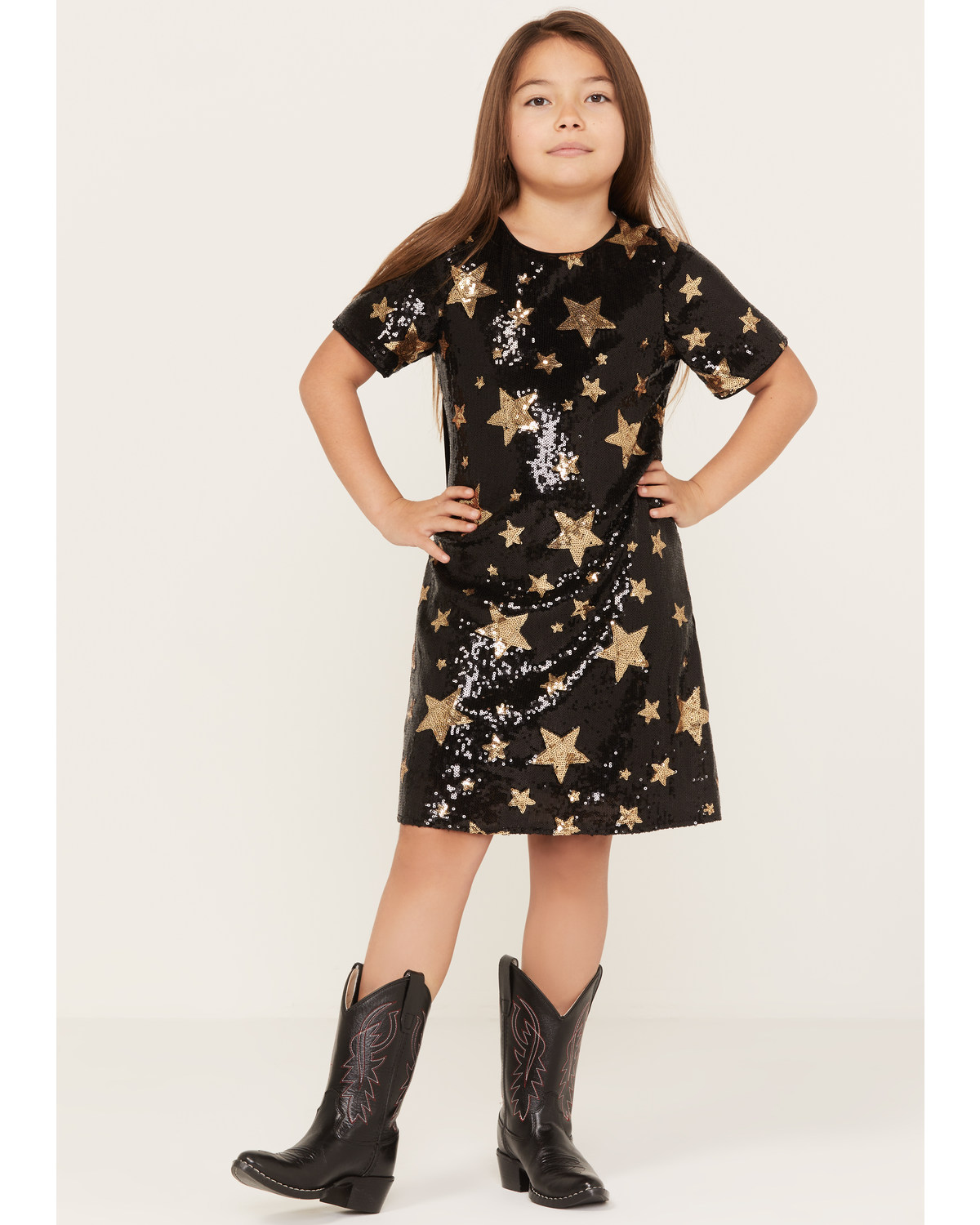 Hayden LA Girls' Star Print Sequin Dress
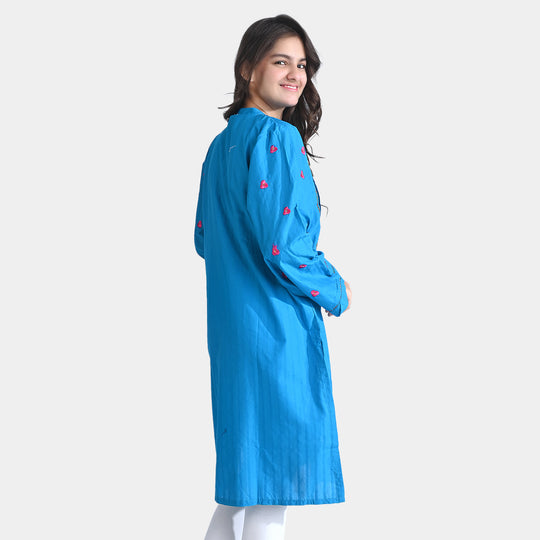 Teen Girls Jacquard EMB Kurti Elephant-Teal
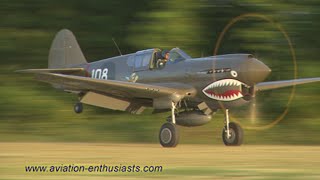 2013 Flying Proms Curtiss P40E Kittyhawk flight [upl. by Heilman]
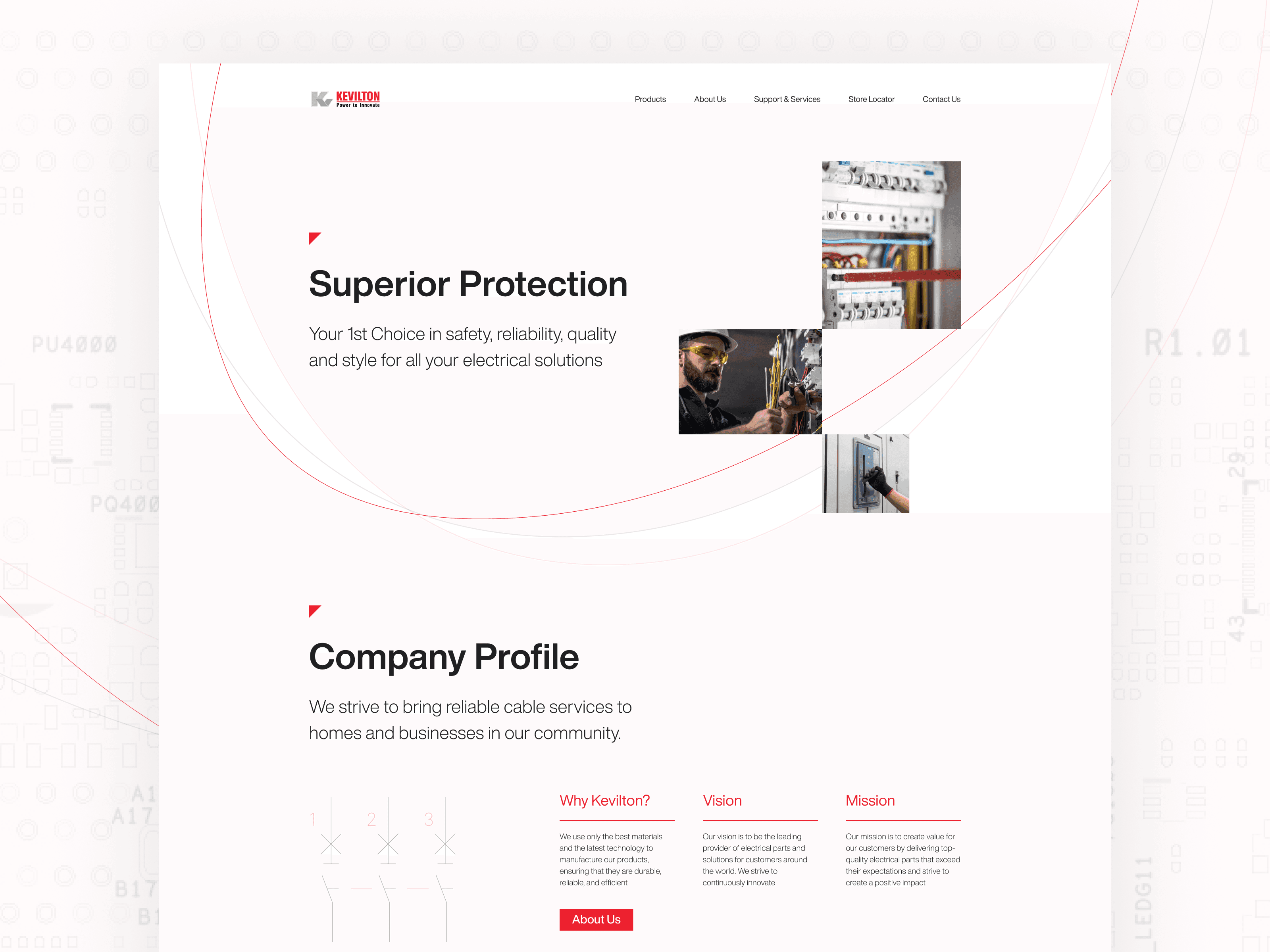 A minimal white and red landing page: Superior Protection, with photographs of switchboards and an electrician, and the company profile below.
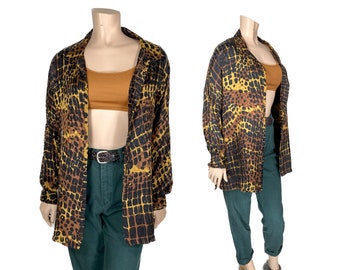 Leopard Print Shirt // Large Shimmery Blotchy Leopard Print Button Down Shirt // Oversized Shirt // 1206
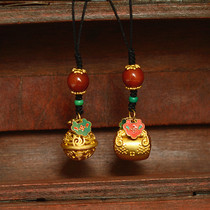 Mobile phone lanyard womens cell phone chain mobile phone rope personality creative hanging pendant Chinese style pendant short anti-lost rope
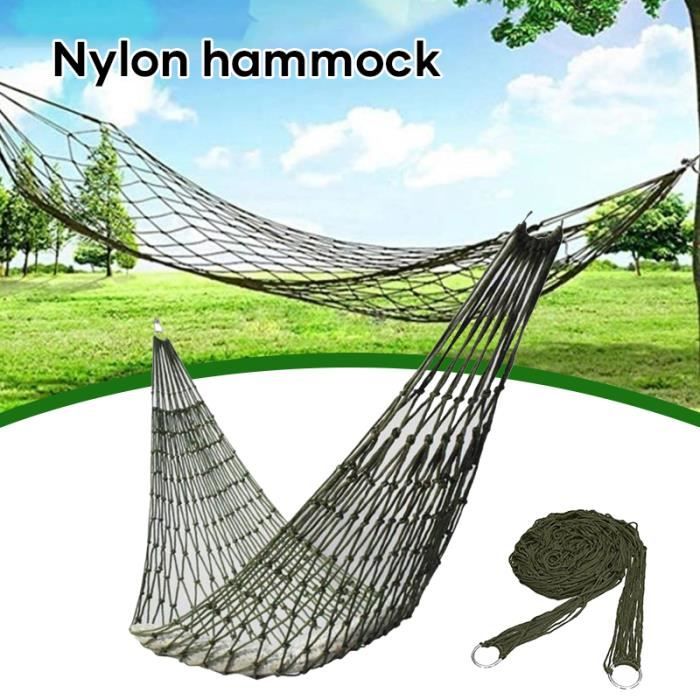 hamac en maille de corde de nylon, pour dormir à l'extérieur, lit en filet avec corde et sac de rangement, peut supporter 220 lb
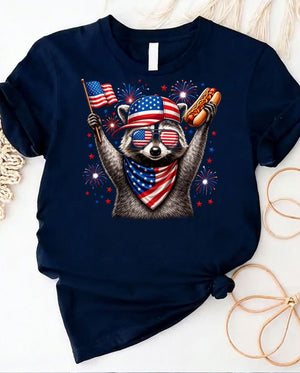 Raccoon 4th of July Tee wearing American flag sunglasses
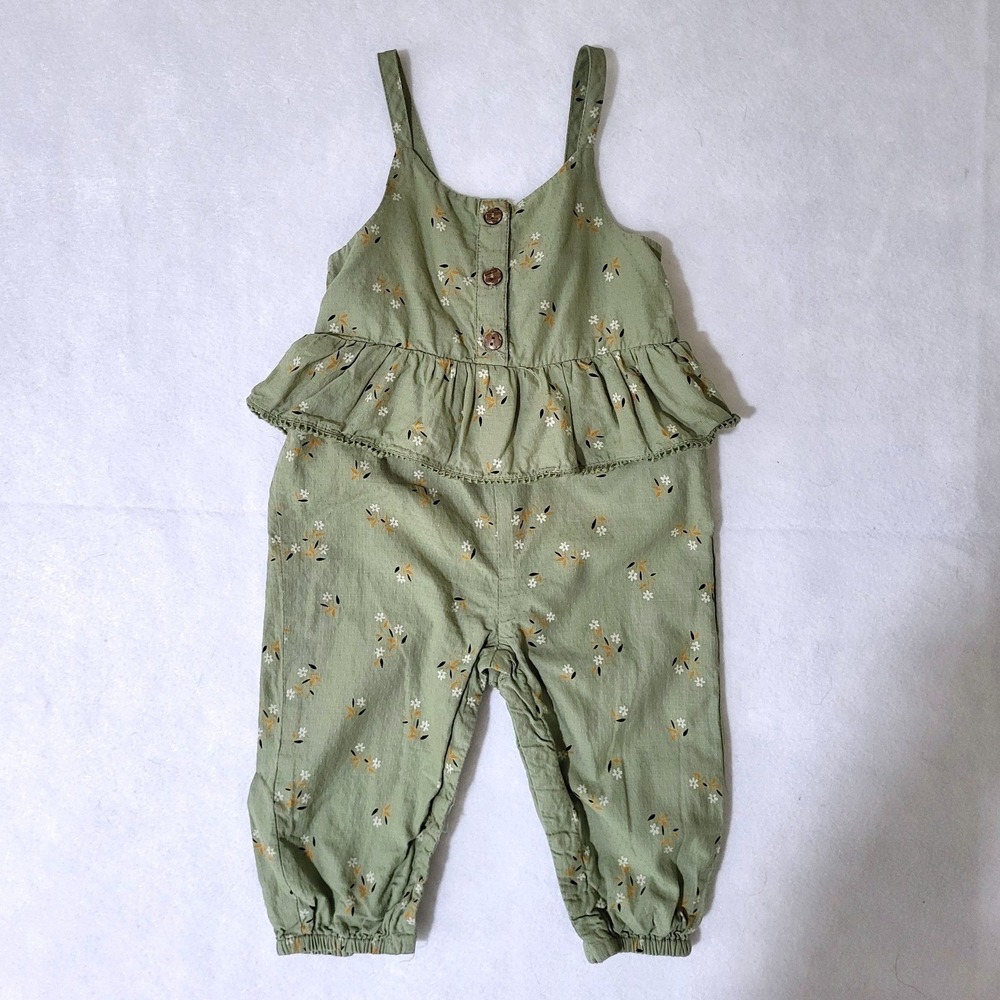 Joie‎ Baby Romper Girsl 6 9 Months Green Floral Ditsy Dainty Ruffle Overalls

Task goal: With pictures left out, repeat exactly the lines from the one containing "A minimal white" through the last line of the data above, inclusive, and nothing else.

The completed task:
 A minimal white and red landing page: Superior Protection, with photographs of switchboards and an electrician, and the company profile below.
 Leopard Print Shirt // Large Shimmery Blotchy Leopard Print Button Down Shirt // Oversized Shirt // 1206
 Mobile phone lanyard womens cell phone chain mobile phone rope personality creative hanging pendant Chinese style pendant short anti-lost rope
 hamac en maille de corde de nylon, pour dormir à l'extérieur, lit en filet avec corde et sac de rangement, peut supporter 220 lb
 Raccoon 4th of July Tee wearing American flag sunglasses
 Joie‎ Baby Romper Girsl 6 9 Months Green Floral Ditsy Dainty Ruffle Overalls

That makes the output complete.